The data =>

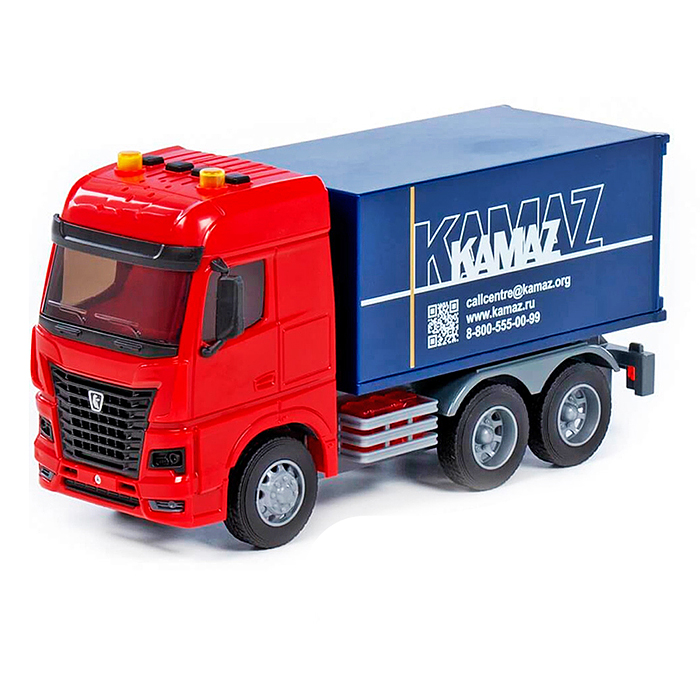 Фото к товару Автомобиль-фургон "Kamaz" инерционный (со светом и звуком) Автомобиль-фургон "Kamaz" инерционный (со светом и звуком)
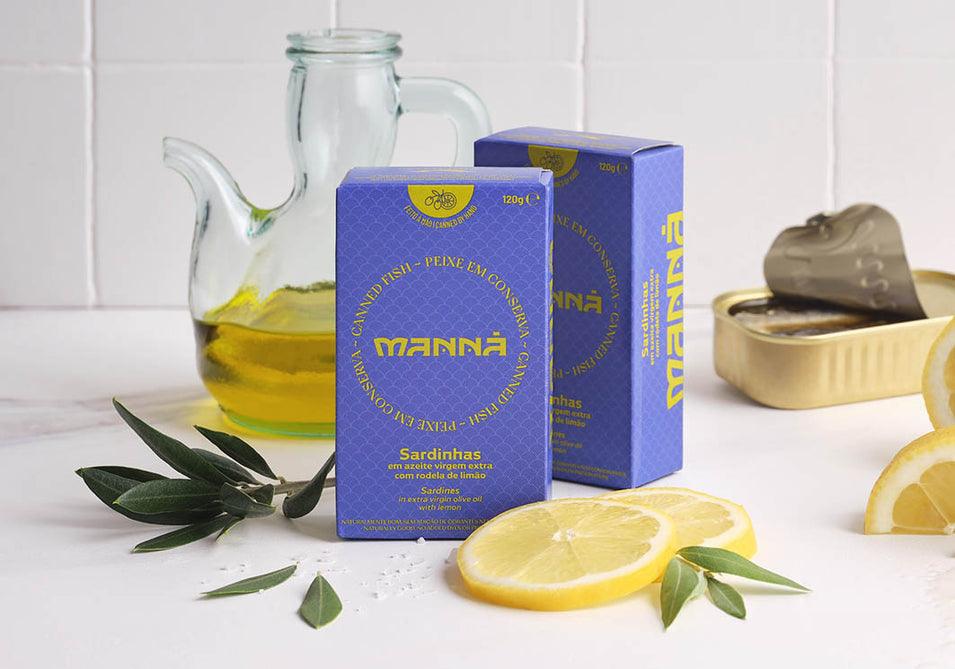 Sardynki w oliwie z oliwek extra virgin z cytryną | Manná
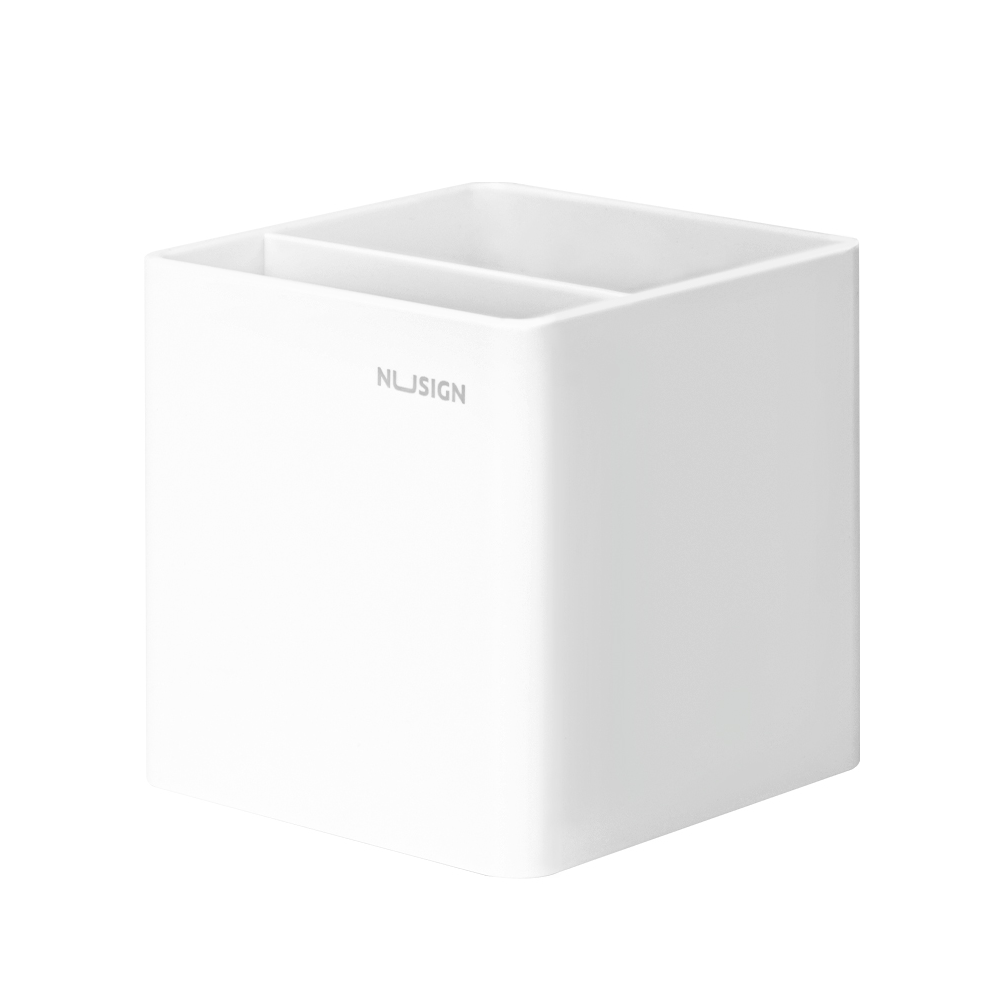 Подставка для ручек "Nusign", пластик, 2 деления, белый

To do =>
Print the listing above in full, exactly as written. Omit any pictures.

Written answer =>
 Фото к товару Автомобиль-фургон "Kamaz" инерционный (со светом и звуком) Автомобиль-фургон "Kamaz" инерционный (со светом и звуком)
 Sardynki w oliwie z oliwek extra virgin z cytryną | Manná
 Подставка для ручек "Nusign", пластик, 2 деления, белый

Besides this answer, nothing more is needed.